Common Cookie I could create a common cookie that the ASP.NET site creates and the MVC.NET site looks for. But is that secure enough?
Token in Query String I could create a token id on the ASP.NET site that is stored in the local database and is then passed in the query string of the link to the MVC.NET site which takes the token id and validates it against the same database.
Hybrid A bit of both?
Other? Got a better idea?
I've recently done something quite similar (the major difference being that it was internal to the company rather than for external customers) using OpenId.
The implementation of OpenId for .NET is called DotNetOpenAuth which should be suitable for your purposes.
It did take me a while to implement; but it works very well, is very flexible, and extremely secure.
More information about openid (from Wikipedia):
OpenID is an open standard that allows users to be authenticated by certain co-operating sites (known as Relying Parties or RP) using a third party service, eliminating the need for webmasters to provide their own ad hoc systems and allowing users to consolidate their digital identities.
Users may create accounts with their preferred OpenID identity providers, and then use those accounts as the basis for signing on to any website which accepts OpenID authentication. The OpenID standard provides a framework for the communication that must take place between the identity provider and the OpenID acceptor (the "relying party").2 An extension to the standard (the OpenID Attribute Exchange) facilitates the transfer of user attributes, such as name and gender, from the OpenID identity provider to the relying party (each relying party may request a different set of attributes, depending on its requirements).
The OpenID protocol does not rely on a central authority to authenticate a user's identity. Moreover, neither services nor the OpenID standard may mandate a specific means by which to authenticate users, allowing for approaches ranging from the common (such as passwords) to the novel (such as smart cards or biometrics).
Oh, and if you'd like further encouragement, Stack Exchange uses it!
#Jmrnet: in response to your last comment:
Perhaps I was unclear. OpenId in and of itself is simply for validating credentials from one location to another (more or less). It's entirely possible to implement as an SSO model where users do nothing different whatsoever - they don't have to choose a provider, or register, or anything like that. For example, in my setup, the user enters a username and password in a web portal, and then clicks a button to launch another site being automatically logged in by OpenId. Nothing different for the user at all! OpenId can be used with any initial authentication model you can think of (note the bolded section in the snippet from wikipedia).
Take a look at SAML:
http://en.wikipedia.org/wiki/Security_Assertion_Markup_Language
It works using XML and supports encryption.
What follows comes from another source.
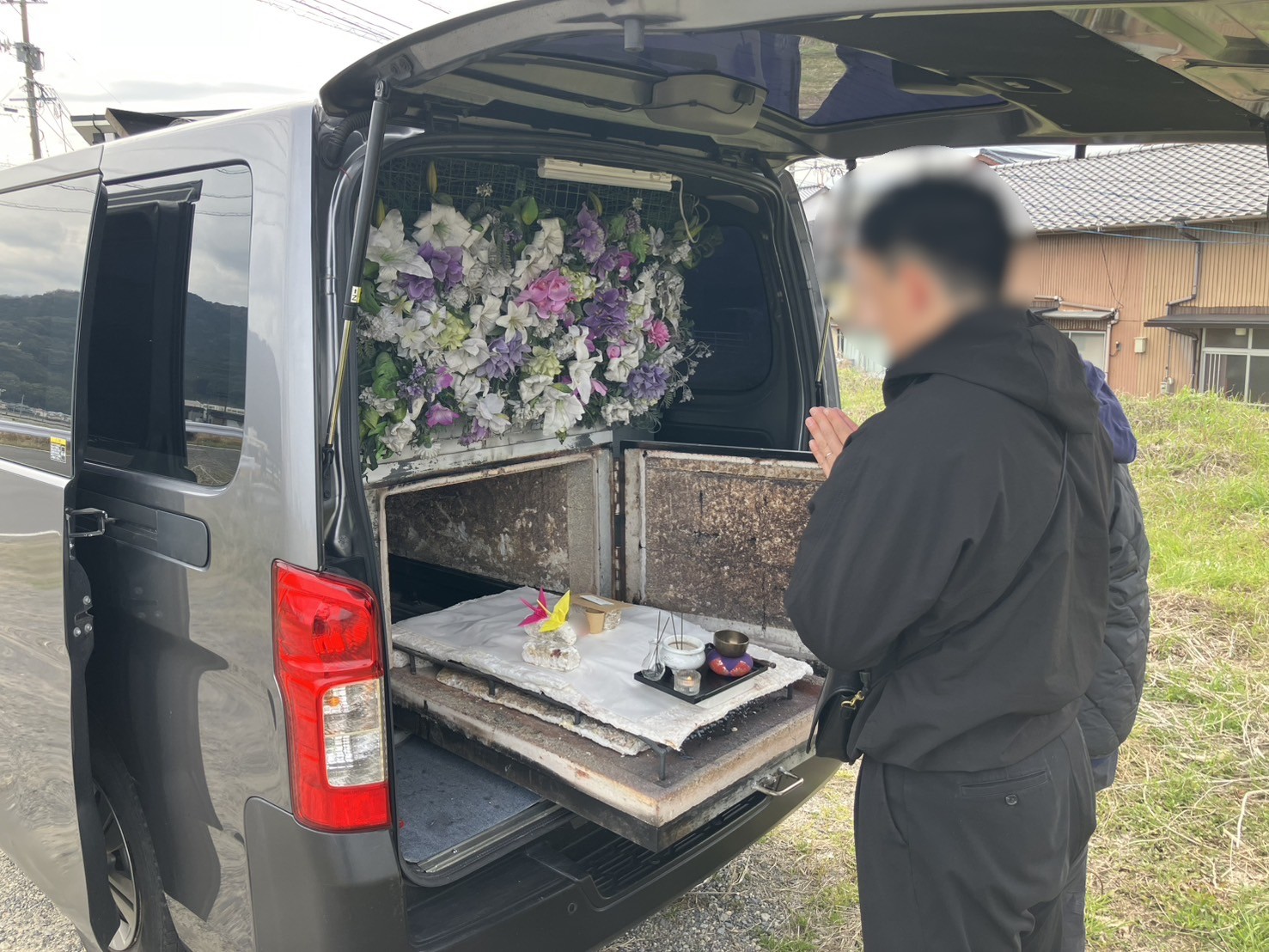 「佐賀市で7年間一緒に暮らしたウーパールーパーちゃんをお見送りしました」写真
I am currently implementing two SSO solutions for the same project.
In one, we are interfacing with an external partner and are using SAML.
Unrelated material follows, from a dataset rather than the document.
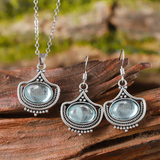 Sada drahokamy nahrdelniku nausnic modrymi vintage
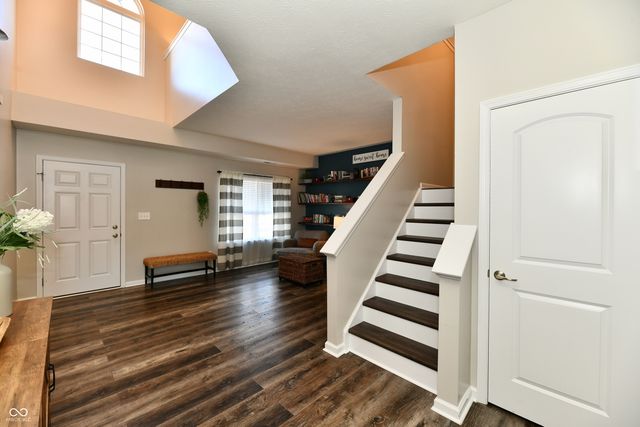 6695 Buhrstone Lane, Avon, IN 46123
In the other, we are allowing logged in users access to our Sharepoint and using the "Token in Query String" approach, since we trust Sharepoint to access our membership tables. This approach is much easier than dealing with SAML tokens.
There are many methods you can use, Mansfied described OpenID and RandomUs1r described SAML. Also, you can store relevant information in localStorage or in the session. I believe you should store relevant information with session.
It is not safe to put this in the query string, because if I register and log in, I will see something like UserID=1234 in the URL. If I change that to UserID=1235 and the ID is existent, then I can do some things in the name of the other user. This is called identity theft, which should be prevented by any means possible. So you should never have this kind of info in your URLs. Also, if you store the id of the user, you should obfuscate it somehow. For instance if you store the value in local storage and instead of 1234 you store encrypt(1234, salt), then the consistency of user action will be maintained.